The sun was shining outside and the beer garden was full to capacity. Ideally I wouldn’t have stayed there, but from where we were all I could see were more packed bars, so I may as well have stayed at the one I actually liked.
I walked to the bar where I stayed for 28 minutes before I was served. Again, I should have left but I’d been at the front of the queue so long that I was always bound to be next. I am, unfortunately, one of the 44% of Briton’s not to complain too much when someone barges ahead of me in a bar queue – I save that for winter and the queue for a ski lift. Despite waved hands, lots of eye contact and exasperation, I was ignored.

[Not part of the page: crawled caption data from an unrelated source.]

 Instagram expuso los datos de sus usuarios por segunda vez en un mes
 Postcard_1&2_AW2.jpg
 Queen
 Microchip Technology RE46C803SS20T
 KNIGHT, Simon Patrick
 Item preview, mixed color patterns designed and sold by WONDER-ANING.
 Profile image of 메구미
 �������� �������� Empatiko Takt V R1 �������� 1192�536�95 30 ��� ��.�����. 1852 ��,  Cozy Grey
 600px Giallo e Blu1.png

That was until one a woman in the queue realised what was happening. She told me that I’d be served next. She pulled down her already low cut top, folded her arms and leaned on the bar next to get maximum lift and maximum exposure. “Yes please,” said the next available barman.
“You’ve been ignoring this guy for 15 minutes,” she replied.

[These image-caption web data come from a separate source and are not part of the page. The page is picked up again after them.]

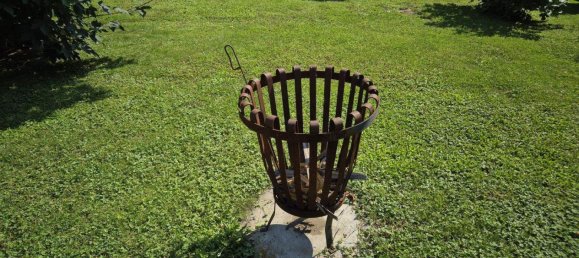 12 rooms House in Wieselburg-Land, Austria No. 244330 44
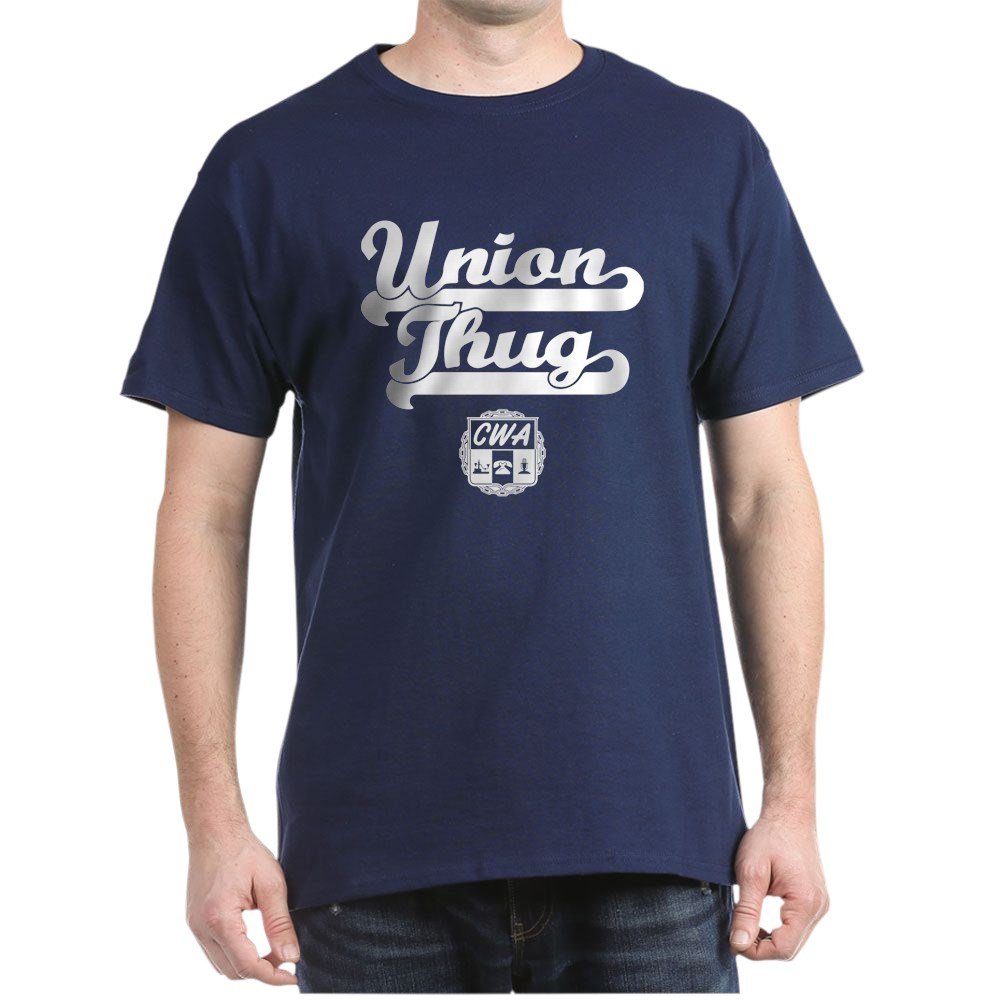 Stylish Graphic T-Shirt for Men & Women - Trendy Printed Tee for Casual Wear, Gifts & Everyday Outfits | CafePress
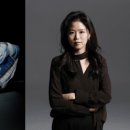 미래영상시스템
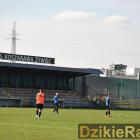 zdjęcie nr 16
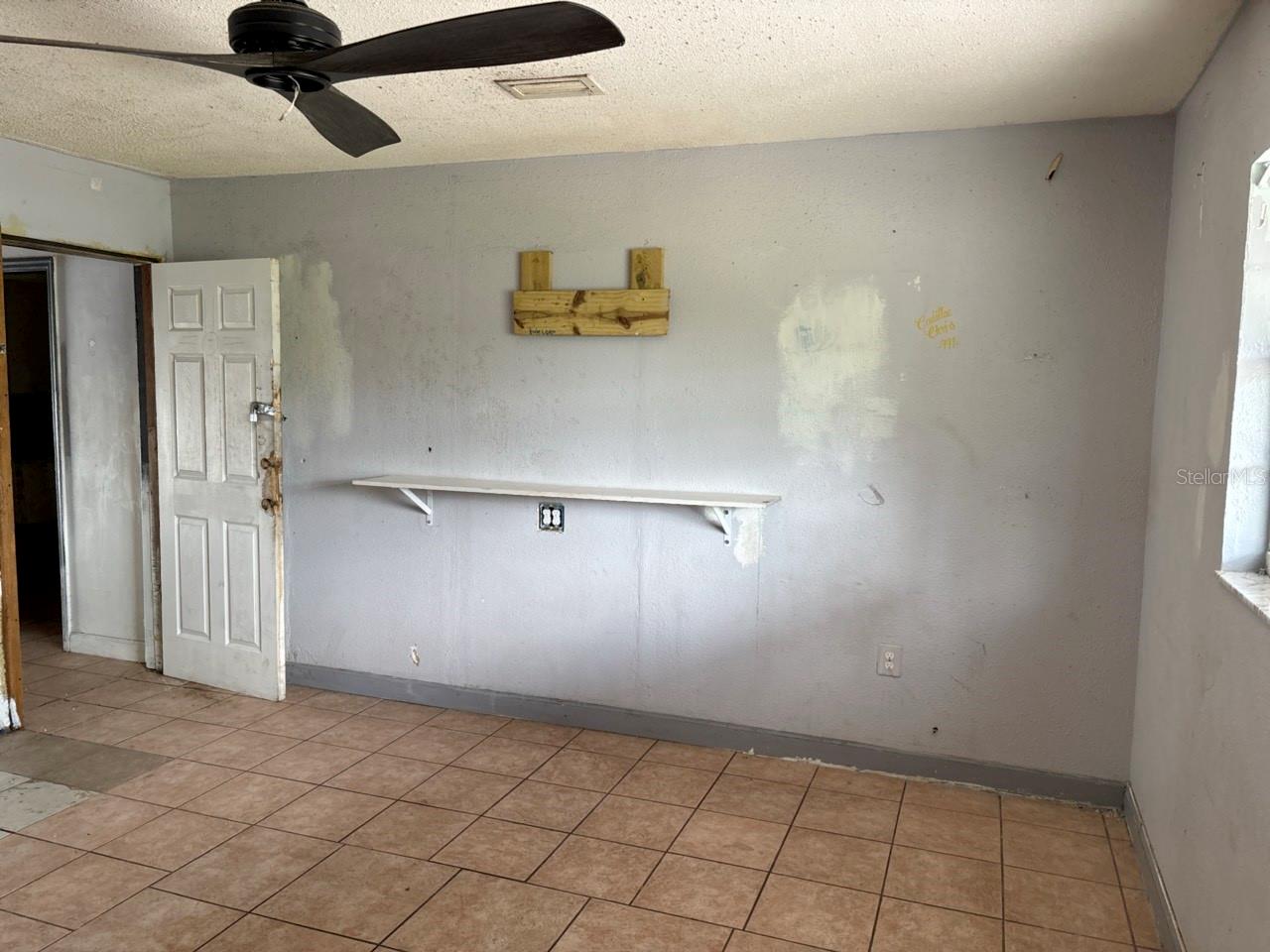 Image 7 of 12 For 6329 11th Street Court E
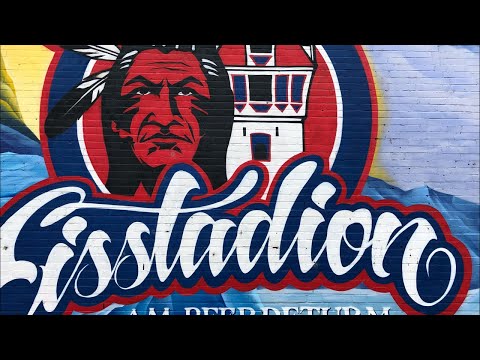 U9 Finale Hamburg vs Füchse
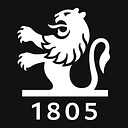 Pictet Group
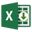 symbol_excel_oeffnen.jpg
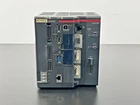Keyence CV-X302F Vision Controller W/ CA-DC40E Expansion Unit Used. Price: $2200.00.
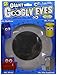 ArchieMcPhee Giant Christmas Tree Google Eyes (Set of 2)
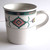 Studio Nova - Adirondack SY2201 - Mug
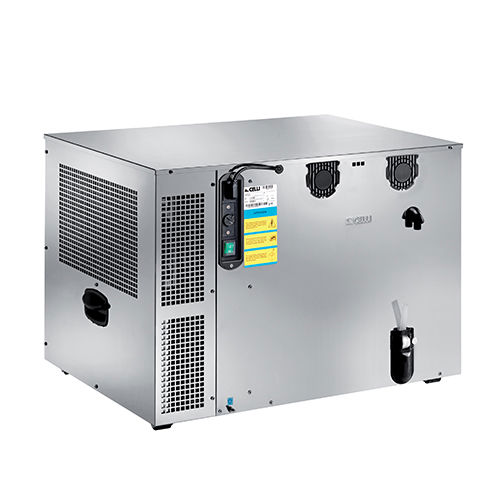 GEO75/ORL CS4C- 3/4A-P 8.0S 6D8- +R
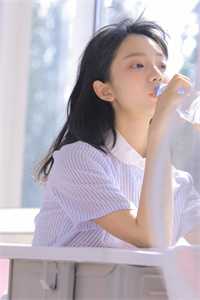 直播第一天，我喜提一个亿(洛瑶瑶瑶)最新好看小说_小说推荐完结直播第一天，我喜提一个亿洛瑶瑶瑶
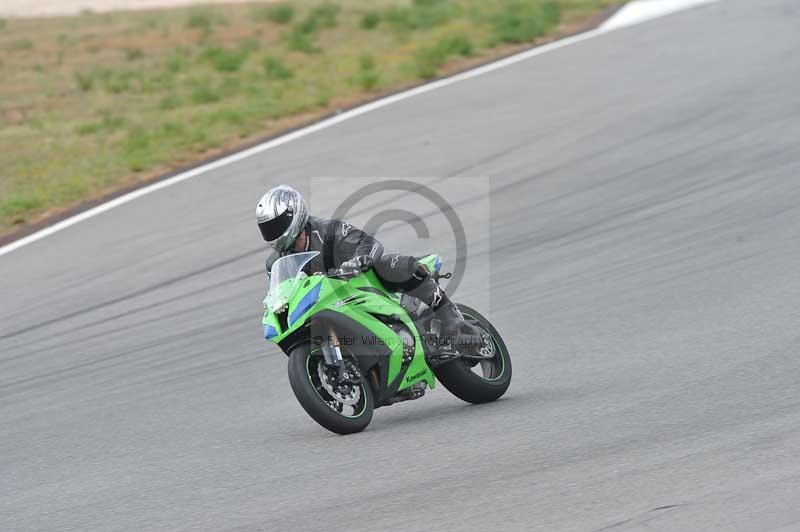 march 2012;motorbikes;no limits;peter wileman photography;portimao;portugal;trackday digital images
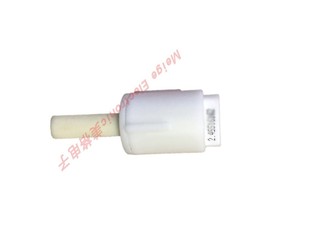 安华annwa智能马桶座坐便器aB13007便盖座盖子座圈阻尼缓冲器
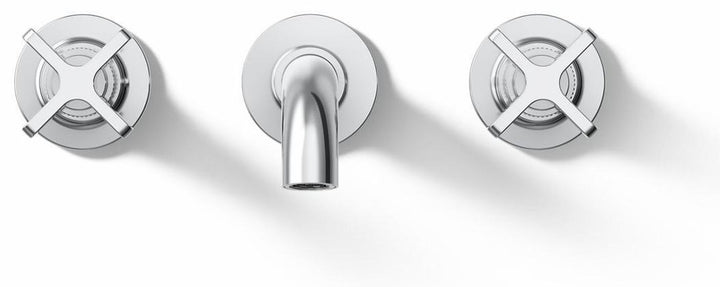 T35909-3-CP product image.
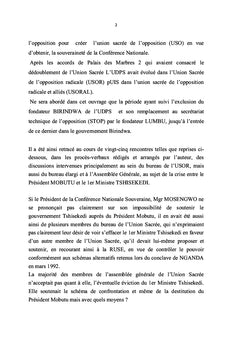Protais LUMBU VI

Basically I’d been discriminated against for not having boobs.
However, a new technology by a company called Datasparq hopes to solve this problem. By “this problem” I mean queuing in bars, not discrimination or my lack of tits. They use facial recognition to thwart those who previously relied on their sharp elbows, good looks or a waved tenner to cut ahead in the line.
The tech notices who was first at the bar and circles their faces on a monitor, along with adding their position in the queue. All images are promptly deleted so privacy concerns aren’t an issue, so it sounds like a great plan.

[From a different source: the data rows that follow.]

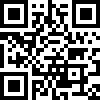 https://en.abna24.com/xhMfJ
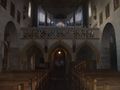 St. Hippolyth3.jpg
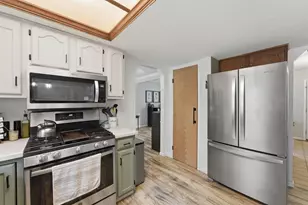 9955 Hounsdale Dr, Pickerington, OH 43147 - Photo 15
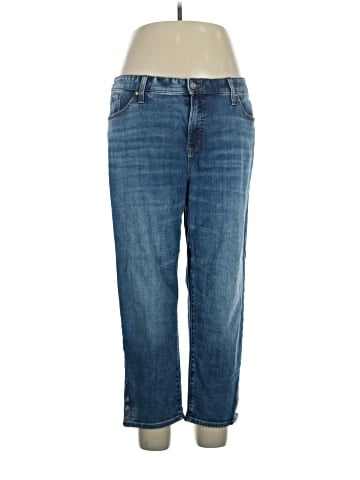 So Slimming by Chico's Jeans (view 1)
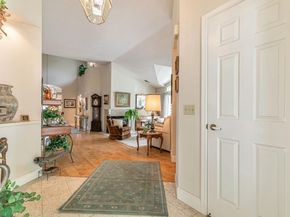 7759 Beltane Drive, San Jose CA 95135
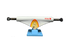 THEEVE JESUS HANDS V3 SKATEBOARD TRUCKS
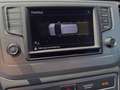 Volkswagen Golf Sportsvan 1.4 TSI COMFORTLINE Bi-XENON GRA Weiß - thumbnail 14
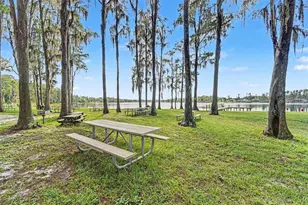 1817 Beachway Ln, Odessa, FL 33556 - Photo 10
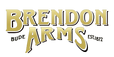 The Brendon Arms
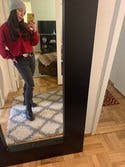 review thumbnail images 10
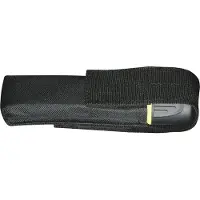 Parat 6911014061 fodral PARATCOMP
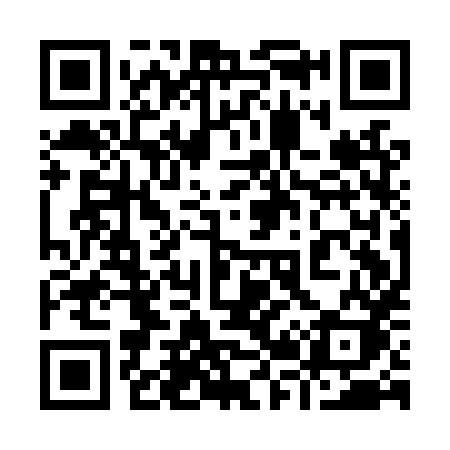 QR code for 921LXK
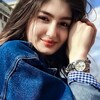 Логотип телеграм канала @fransuzhenko — 𖣁ᯓ ꯭꯭𝅦𝅦𝆭 𝐅꯭꯭𝐑꯭꯭𝐀꯭꯭𝐍꯭꯭𝐒꯭꯭𝐔꯭꯭𝐙꯭꯭𝐇꯭꯭𝐄꯭꯭𝐍꯭꯭𝐊꯭꯭𝐎꯭ ꯭𝅦𝅦𝆭 ȷ᥆ᥒ`𖣁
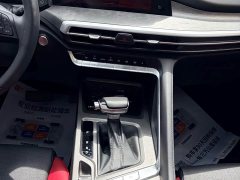 Changan CS35PLUS NE 1.4T DCTLuxury Version - фото 10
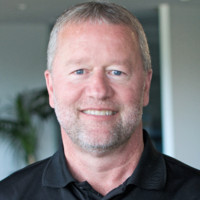 Richard Hoffer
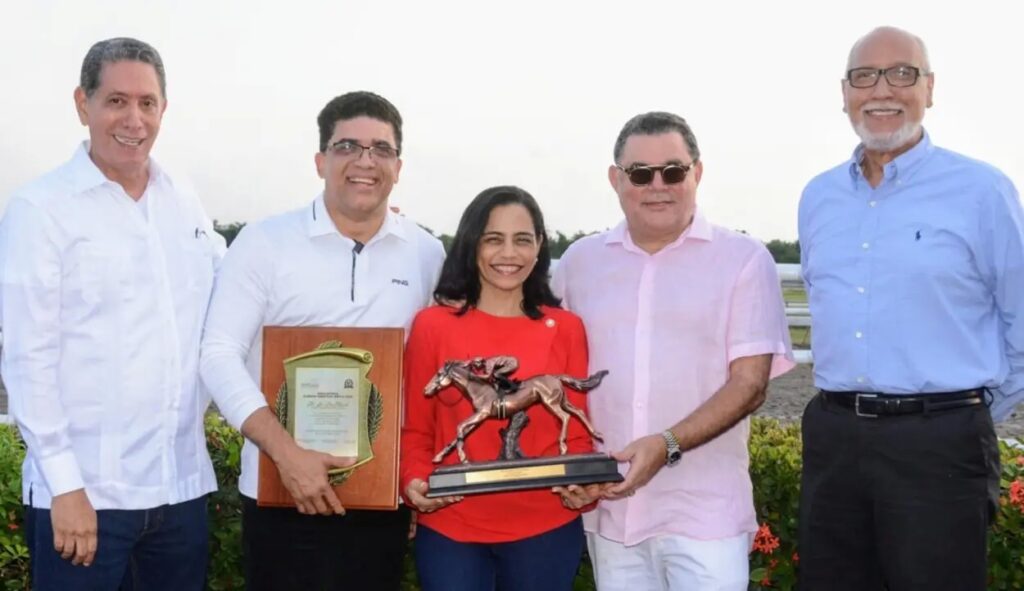 dio-respaldara-el-hipodromo
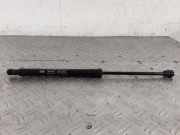 Heckklappendämpfer links Hyundai Santa Fe II (CM) 817702B000
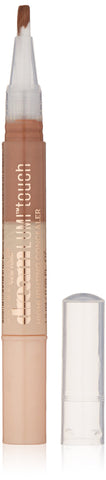 Maybelline New York Dream Lumi Highlighting Concealer, 70 Dark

One issue concerning discrimination based on anatomy isn’t so clear. A woman in Canada is suing several beauty salons for refusing to wax her penis and testicles.
Jessica (previously Jonathan) Yaniv is taking 16 women to court believing that the refusal of the women to give her a Brazilian wax is illegal under the BC Human Rights Code.
Now, it’s obviously quite an interesting case. It is discrimination, let’s be clear about that. But the thing is, every cis-bloke knows that Brazilian waxes aren’t done on our plumbing or, if it is, we’d make sure that the people we asked to do it didn’t mind, or at least offered it. Apparently “all women should receive the same service” but the truth is that not all women have bollocks.
Yaniv forgets that everyone has the right to say no to something that they’re uncomfortable with. No-one is obliged to touch your willy. They wouldn’t be obliged to wax women if they didn’t want to, contractual clauses aside. The right to say no in such a way is one of the pillars of true equality.
It is an interesting test case for all the discussion that involves the transgender community and what a reasonable expectation of their interactions with cis-gendered people are. However, the most interesting part of the story for me is that Yaniv describes the waxing as “gender affirming”. Because obviously nothing screams “I’m a woman” quite like having your manhood waxed.